Release Date: 02/15/2006
Contact Information: Contact: Eric Winiecki, (206) 553-6904, winiecki.eric@epa.gov Mark MacIntyre, (206) 553-7302, macintyre.mark@epa.gov

City of Saint George water system has corrected deficiencies

(Saint George, AK. – Feb. 14, 2006) The Saint George Drinking Water System which serves approximately 200 residents has returned to compliance under the Safe Drinking Water Act.

The system was recently ordered by the U.S. Environmental Protection Agency (EPA) to correct deficiencies, complete required monitoring of the drinking water and notify its users of the violations. The system has since accomplished all of these actions. The community public water system is owned by the City of Saint George. Saint George is located on the northeast shore of Saint George Island, the southern-most of five islands in the Pribilofs.

"We are glad that the residents of Saint George can once again be assured their water is safe," said Marie Jennings, manager of the Drinking Water Program for EPA Region 10 in Seattle. "It's important that required monitoring be done properly and on schedule to make sure the water coming out of the taps in people's homes is safe for use."EPA Newsroom

According to EPA officials, the Saint George Water System had failed to correct deficiencies found during a 2004 sanitary survey (similar to an inspection). The deficiencies included not having an approved sample siting plan, and the need to decommission an inactive well. The system had also failed to test the water for volatile organic compounds (VOCs) and inform its customers about the quality of their water. These deficiencies have all been corrected.

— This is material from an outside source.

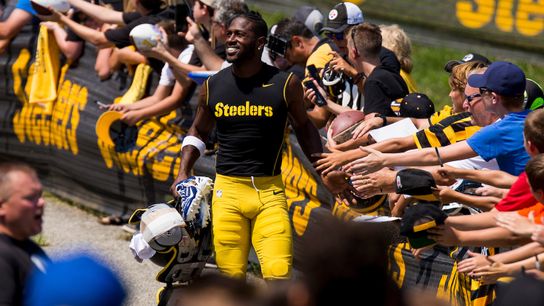 Camp preview: Our staff picks Steelers in North taken at Rooney Complex (Steelers)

The system is a piped water system constructed by National Oceanic and Atmospheric Administration (NOAA) during the 1950's. Four wells provide water for the community, with 250,000 gallons of storage.

VOCs are generally a result of industrial practices, including machinery maintenance. Testing for these compounds is important because they can affect the liver, kidneys, nervous and circulatory systems. VOCs are also a known cancer risk.

A previous press release stated that the Saint George system was not in compliance with the Lead and Copper Rule, failed to monitor monthly for total coliform and that a sanitary survey had been performed by the Alaska Department of Environmental Conservation. However, the Lead and Copper and total coliform violations had been corrected at the time of the press release, and the sanitary survey was conducted by the Alaska Native Tribal Health Consortium.